THE TASK → Could you retype exactly the line containing "очки ULTR KRAFTOOL" and every line after it in the data below, leaving out the pictures?

++++ PROVIDED MATERIAL

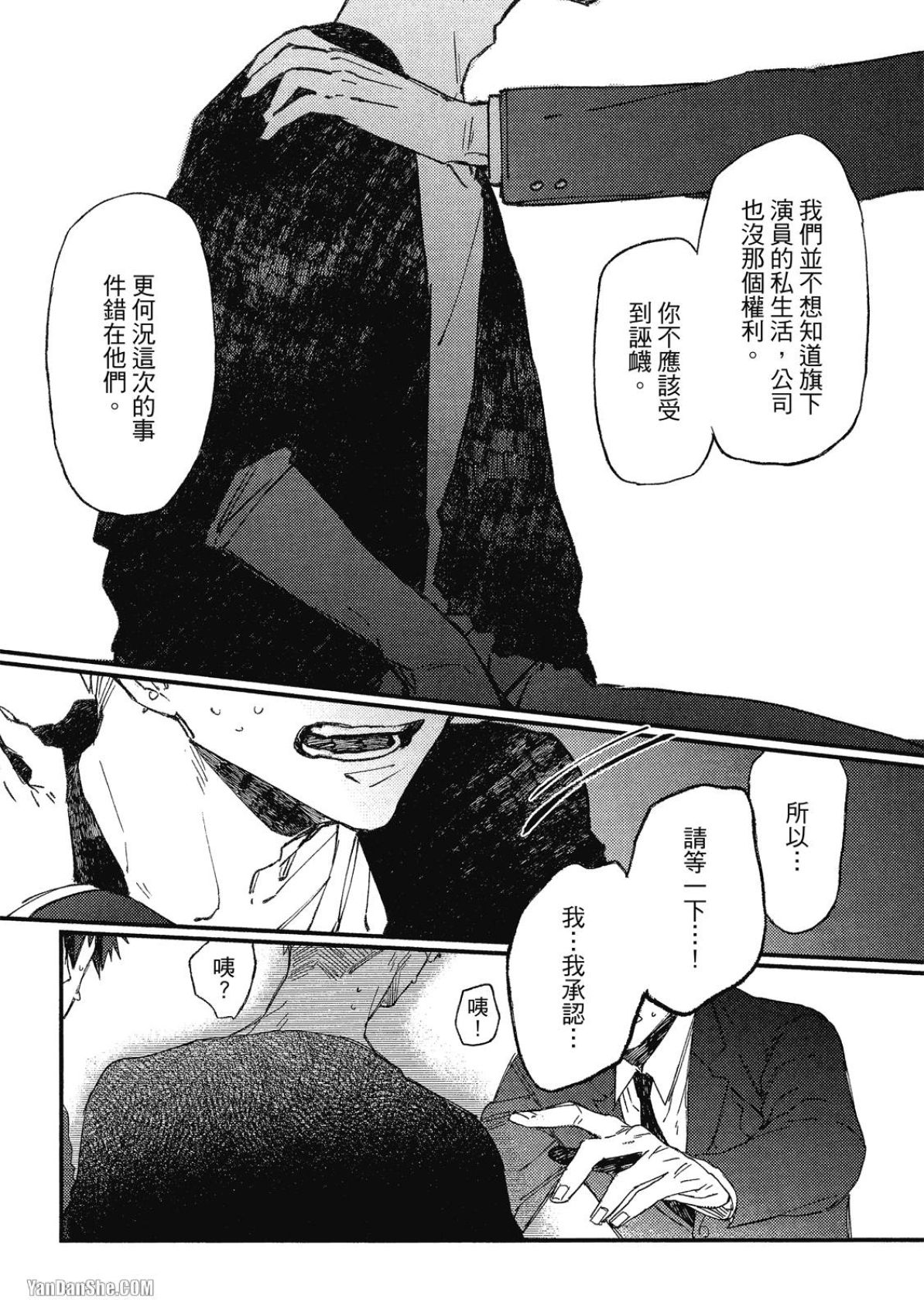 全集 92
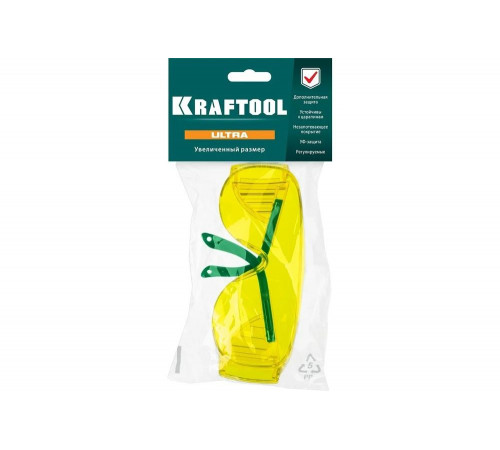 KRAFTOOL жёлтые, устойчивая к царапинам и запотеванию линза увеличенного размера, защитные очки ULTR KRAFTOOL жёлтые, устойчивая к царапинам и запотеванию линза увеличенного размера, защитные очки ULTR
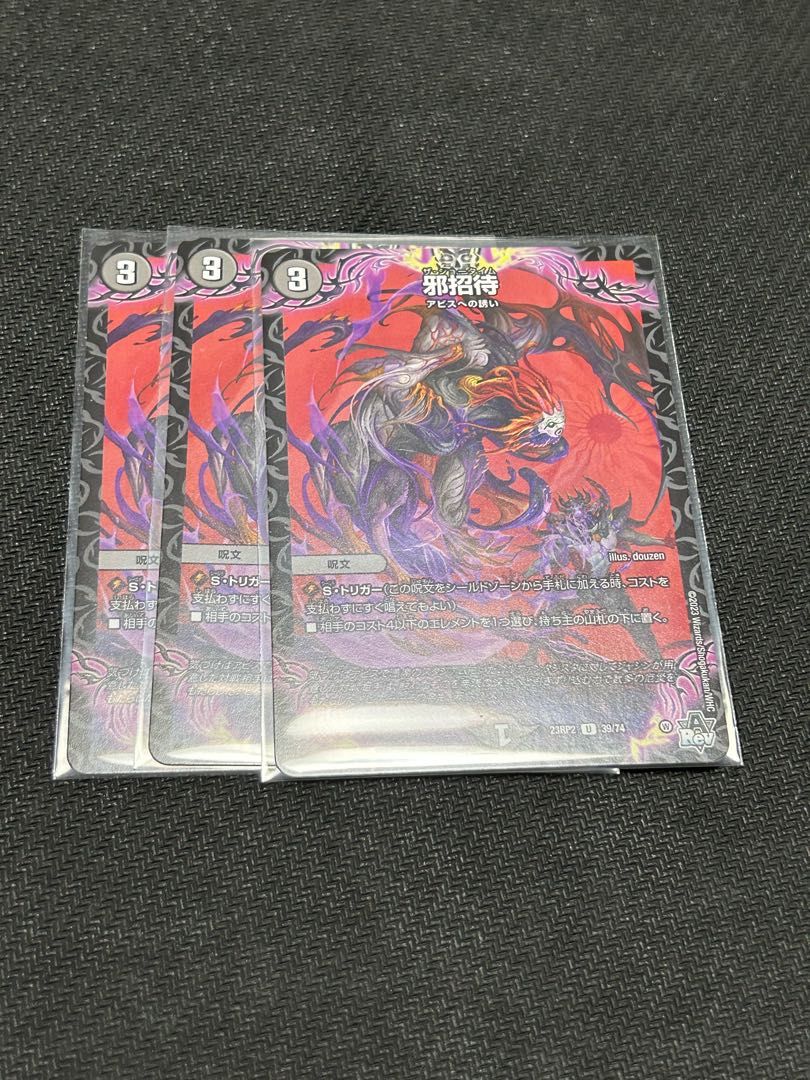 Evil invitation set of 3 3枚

++++++++

PROBLEM SOLUTION →
 KRAFTOOL жёлтые, устойчивая к царапинам и запотеванию линза увеличенного размера, защитные очки ULTR KRAFTOOL жёлтые, устойчивая к царапинам и запотеванию линза увеличенного размера, защитные очки ULTR
 Evil invitation set of 3 3枚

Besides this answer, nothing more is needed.